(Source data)
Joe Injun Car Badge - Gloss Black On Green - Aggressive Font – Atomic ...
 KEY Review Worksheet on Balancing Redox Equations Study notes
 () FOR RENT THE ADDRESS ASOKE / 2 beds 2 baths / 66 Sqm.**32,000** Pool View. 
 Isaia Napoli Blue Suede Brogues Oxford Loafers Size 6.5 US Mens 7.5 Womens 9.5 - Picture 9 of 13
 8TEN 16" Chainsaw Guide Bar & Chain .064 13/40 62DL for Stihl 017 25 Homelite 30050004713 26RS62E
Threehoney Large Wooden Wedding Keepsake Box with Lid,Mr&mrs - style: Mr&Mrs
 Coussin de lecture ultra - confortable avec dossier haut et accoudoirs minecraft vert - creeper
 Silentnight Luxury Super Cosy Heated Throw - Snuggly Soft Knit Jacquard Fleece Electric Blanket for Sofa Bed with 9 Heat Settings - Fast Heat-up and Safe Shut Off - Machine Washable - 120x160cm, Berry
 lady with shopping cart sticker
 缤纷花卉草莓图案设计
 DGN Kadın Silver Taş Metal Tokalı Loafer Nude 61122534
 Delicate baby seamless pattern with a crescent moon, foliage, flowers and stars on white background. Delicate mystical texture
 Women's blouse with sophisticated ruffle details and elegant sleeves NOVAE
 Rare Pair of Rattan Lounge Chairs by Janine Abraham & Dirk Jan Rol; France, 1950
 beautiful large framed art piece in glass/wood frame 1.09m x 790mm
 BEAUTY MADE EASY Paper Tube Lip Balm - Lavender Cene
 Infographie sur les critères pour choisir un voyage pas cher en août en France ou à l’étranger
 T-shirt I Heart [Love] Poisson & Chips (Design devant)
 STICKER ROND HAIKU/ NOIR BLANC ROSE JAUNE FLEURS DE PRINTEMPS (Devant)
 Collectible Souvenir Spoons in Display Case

WORK TASK:
In the entries above, find the line with "Delicate baby seamless" and the line with "STICKER ROND HAIKU/", then set down exactly those two and every line between them, nothing else.

EXERCISE ANSWER:
 Delicate baby seamless pattern with a crescent moon, foliage, flowers and stars on white background. Delicate mystical texture
 Women's blouse with sophisticated ruffle details and elegant sleeves NOVAE
 Rare Pair of Rattan Lounge Chairs by Janine Abraham & Dirk Jan Rol; France, 1950
 beautiful large framed art piece in glass/wood frame 1.09m x 790mm
 BEAUTY MADE EASY Paper Tube Lip Balm - Lavender Cene
 Infographie sur les critères pour choisir un voyage pas cher en août en France ou à l’étranger
 T-shirt I Heart [Love] Poisson & Chips (Design devant)
 STICKER ROND HAIKU/ NOIR BLANC ROSE JAUNE FLEURS DE PRINTEMPS (Devant)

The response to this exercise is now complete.